BEGIN

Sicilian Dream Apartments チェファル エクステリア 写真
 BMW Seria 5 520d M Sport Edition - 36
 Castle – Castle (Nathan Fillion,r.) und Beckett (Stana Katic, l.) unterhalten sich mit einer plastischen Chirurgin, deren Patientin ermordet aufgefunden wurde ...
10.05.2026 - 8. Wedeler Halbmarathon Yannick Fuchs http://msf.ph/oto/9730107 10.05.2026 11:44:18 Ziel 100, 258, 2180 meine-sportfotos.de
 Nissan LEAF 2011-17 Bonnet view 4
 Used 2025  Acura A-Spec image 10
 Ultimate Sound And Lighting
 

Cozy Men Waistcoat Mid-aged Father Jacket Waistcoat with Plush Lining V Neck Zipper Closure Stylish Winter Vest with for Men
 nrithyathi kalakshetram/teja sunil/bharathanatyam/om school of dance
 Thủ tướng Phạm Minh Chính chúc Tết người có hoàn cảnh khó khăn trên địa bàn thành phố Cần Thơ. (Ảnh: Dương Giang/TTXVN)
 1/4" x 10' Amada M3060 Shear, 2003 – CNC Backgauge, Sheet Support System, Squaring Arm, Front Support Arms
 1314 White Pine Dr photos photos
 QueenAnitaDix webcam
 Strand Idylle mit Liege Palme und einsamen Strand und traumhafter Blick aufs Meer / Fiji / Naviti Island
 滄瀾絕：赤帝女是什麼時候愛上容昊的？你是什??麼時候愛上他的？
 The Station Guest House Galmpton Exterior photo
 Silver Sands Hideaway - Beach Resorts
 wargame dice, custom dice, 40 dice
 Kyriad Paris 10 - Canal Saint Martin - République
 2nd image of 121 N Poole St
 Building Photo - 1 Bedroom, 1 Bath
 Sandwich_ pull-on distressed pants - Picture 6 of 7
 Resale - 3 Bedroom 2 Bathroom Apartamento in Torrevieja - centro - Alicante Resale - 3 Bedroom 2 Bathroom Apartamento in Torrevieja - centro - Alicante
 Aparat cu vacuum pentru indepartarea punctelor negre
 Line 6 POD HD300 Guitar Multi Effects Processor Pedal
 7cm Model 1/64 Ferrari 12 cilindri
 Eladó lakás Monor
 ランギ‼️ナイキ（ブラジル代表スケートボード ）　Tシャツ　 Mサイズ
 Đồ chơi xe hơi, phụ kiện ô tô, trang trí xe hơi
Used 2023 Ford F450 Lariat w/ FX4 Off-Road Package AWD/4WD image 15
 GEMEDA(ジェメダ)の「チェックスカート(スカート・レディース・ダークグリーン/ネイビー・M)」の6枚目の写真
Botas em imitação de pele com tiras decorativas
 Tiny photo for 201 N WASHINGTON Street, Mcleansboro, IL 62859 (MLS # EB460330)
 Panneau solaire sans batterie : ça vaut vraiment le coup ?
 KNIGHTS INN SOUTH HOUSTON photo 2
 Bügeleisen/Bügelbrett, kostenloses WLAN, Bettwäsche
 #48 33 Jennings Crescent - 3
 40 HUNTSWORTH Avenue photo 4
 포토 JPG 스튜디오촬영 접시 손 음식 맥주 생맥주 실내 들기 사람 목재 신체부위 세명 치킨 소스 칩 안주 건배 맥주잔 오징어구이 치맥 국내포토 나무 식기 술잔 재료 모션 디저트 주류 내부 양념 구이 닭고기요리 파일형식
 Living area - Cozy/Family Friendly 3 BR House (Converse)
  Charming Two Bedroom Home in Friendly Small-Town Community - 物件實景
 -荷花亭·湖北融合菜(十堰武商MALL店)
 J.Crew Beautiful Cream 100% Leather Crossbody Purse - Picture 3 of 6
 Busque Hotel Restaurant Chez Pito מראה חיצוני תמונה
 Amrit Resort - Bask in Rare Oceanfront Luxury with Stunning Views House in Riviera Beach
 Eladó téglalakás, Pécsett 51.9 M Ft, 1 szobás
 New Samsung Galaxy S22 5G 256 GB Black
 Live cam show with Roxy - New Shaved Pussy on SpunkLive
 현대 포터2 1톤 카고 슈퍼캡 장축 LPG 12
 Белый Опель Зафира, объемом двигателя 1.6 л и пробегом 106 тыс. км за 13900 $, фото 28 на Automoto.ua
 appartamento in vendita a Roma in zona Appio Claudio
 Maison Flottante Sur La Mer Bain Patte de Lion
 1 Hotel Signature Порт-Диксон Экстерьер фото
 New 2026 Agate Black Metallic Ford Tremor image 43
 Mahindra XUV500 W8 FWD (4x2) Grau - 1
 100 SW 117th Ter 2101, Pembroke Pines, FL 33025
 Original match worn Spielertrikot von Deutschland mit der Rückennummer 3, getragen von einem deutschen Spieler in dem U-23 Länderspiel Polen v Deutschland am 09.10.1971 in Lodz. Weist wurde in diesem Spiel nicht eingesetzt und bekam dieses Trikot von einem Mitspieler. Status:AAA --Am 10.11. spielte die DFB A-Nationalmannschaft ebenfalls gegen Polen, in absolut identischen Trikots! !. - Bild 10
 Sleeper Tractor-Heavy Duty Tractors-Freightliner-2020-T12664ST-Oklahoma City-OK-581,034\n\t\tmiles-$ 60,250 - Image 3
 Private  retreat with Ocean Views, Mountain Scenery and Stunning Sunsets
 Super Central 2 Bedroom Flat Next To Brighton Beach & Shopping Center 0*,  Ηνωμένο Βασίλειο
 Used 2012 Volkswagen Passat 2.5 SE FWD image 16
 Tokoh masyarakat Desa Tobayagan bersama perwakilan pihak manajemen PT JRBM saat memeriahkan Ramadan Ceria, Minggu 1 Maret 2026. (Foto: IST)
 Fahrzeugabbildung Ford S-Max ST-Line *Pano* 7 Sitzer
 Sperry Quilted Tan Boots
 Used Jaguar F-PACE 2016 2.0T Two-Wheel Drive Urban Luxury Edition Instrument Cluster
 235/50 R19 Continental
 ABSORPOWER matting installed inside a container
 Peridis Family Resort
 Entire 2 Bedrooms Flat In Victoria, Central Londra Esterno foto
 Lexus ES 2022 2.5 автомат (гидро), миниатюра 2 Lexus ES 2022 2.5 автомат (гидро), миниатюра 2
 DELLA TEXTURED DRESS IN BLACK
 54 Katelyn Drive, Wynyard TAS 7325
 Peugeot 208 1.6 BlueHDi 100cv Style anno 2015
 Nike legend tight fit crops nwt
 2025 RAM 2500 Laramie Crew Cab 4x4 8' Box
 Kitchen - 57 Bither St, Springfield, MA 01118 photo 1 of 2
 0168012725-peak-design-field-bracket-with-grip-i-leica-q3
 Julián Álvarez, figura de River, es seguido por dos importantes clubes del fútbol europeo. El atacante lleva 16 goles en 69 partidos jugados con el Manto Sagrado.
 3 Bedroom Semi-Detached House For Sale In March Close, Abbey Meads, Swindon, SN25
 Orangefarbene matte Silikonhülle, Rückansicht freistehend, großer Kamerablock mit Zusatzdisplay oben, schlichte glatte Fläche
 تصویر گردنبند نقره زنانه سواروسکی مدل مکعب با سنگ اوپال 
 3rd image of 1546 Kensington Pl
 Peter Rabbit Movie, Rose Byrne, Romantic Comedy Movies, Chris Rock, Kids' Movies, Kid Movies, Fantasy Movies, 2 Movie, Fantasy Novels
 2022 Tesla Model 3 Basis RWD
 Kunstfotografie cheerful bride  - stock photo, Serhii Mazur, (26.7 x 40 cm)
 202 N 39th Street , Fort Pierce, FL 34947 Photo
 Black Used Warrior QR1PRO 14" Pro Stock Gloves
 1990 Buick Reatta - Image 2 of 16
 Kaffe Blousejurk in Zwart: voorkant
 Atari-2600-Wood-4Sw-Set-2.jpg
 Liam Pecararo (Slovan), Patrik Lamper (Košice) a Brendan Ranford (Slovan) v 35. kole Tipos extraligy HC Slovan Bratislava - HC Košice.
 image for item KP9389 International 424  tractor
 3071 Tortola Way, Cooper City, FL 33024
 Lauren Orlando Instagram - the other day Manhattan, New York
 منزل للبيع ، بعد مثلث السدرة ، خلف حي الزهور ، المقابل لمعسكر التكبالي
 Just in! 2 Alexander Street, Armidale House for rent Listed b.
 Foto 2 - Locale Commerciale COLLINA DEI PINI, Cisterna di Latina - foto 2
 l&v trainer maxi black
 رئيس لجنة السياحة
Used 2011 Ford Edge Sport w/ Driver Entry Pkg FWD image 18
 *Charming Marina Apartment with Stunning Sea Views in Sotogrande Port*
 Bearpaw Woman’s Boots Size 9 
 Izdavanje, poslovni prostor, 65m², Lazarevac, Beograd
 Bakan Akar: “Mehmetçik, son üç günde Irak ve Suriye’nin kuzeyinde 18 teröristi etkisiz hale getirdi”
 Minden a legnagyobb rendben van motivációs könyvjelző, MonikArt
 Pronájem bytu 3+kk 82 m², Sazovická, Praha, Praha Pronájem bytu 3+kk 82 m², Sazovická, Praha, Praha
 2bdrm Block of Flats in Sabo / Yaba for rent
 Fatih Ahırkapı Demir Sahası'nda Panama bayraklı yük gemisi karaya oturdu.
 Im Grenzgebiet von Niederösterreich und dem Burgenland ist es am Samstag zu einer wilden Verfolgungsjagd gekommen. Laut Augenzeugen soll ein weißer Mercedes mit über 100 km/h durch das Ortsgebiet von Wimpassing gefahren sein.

END

*WORK TASK*:
Output the material above exactly, but only from the line that carries "Entire 2 Bedrooms" through the line that carries "3 Bedroom Semi-Detached".

*SOLUTION FOR THIS EXERCISE*:
 Entire 2 Bedrooms Flat In Victoria, Central Londra Esterno foto
 Lexus ES 2022 2.5 автомат (гидро), миниатюра 2 Lexus ES 2022 2.5 автомат (гидро), миниатюра 2
 DELLA TEXTURED DRESS IN BLACK
 54 Katelyn Drive, Wynyard TAS 7325
 Peugeot 208 1.6 BlueHDi 100cv Style anno 2015
 Nike legend tight fit crops nwt
 2025 RAM 2500 Laramie Crew Cab 4x4 8' Box
 Kitchen - 57 Bither St, Springfield, MA 01118 photo 1 of 2
 0168012725-peak-design-field-bracket-with-grip-i-leica-q3
 Julián Álvarez, figura de River, es seguido por dos importantes clubes del fútbol europeo. El atacante lleva 16 goles en 69 partidos jugados con el Manto Sagrado.
 3 Bedroom Semi-Detached House For Sale In March Close, Abbey Meads, Swindon, SN25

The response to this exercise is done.